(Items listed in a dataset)
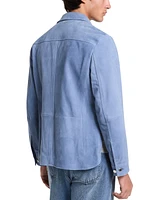 Michael Kors Men's Long Sleeve Button-Front Suede Shirt-Jacket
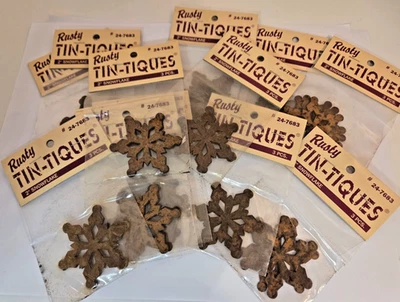 36 Rusty Tin Snowflakes - 2" - Craft Supplies/Holiday DIY - Image 1 of 3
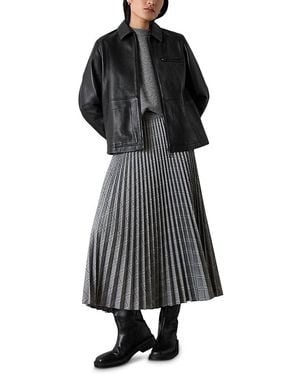 Whistles Petites Check Pleated Midi Skirt - Black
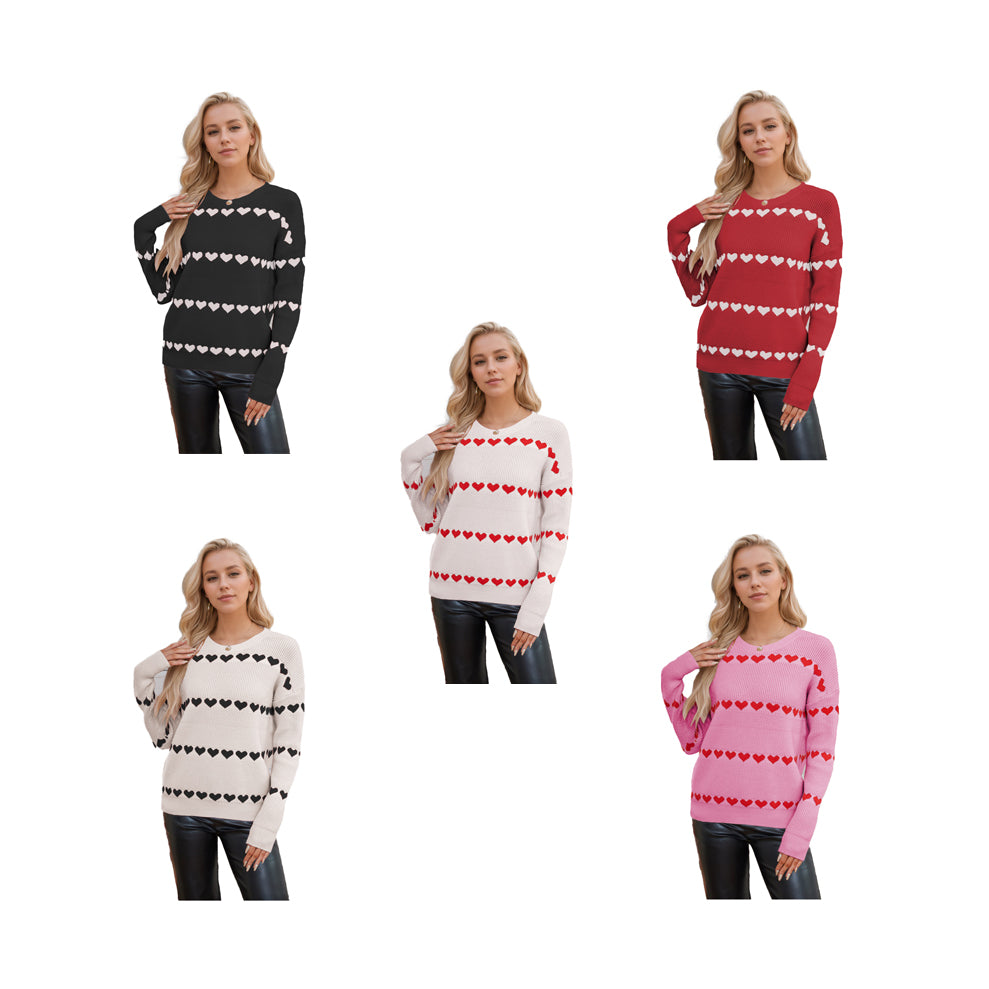 (Pre Order)Adults Valentine's Day love jacquard Crew-neck Sweater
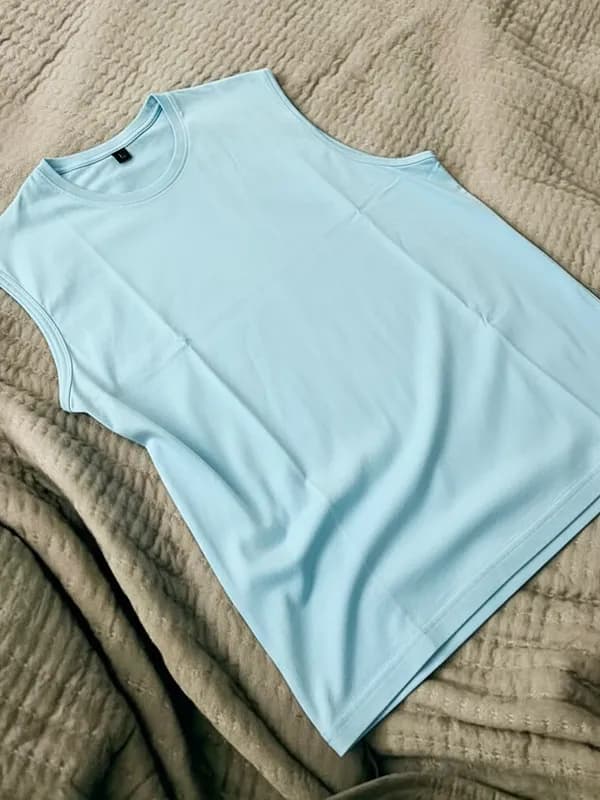 Stratosphere Blue Sleeveless Round-necks (regular)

§ EXERCISE
From the line that contains "36 Rusty Tin" down to the final line of the entries above, please copy each line exactly, excluding pictures.

§ COMPLETED TASK
 36 Rusty Tin Snowflakes - 2" - Craft Supplies/Holiday DIY - Image 1 of 3
 Whistles Petites Check Pleated Midi Skirt - Black
 (Pre Order)Adults Valentine's Day love jacquard Crew-neck Sweater
 Stratosphere Blue Sleeveless Round-necks (regular)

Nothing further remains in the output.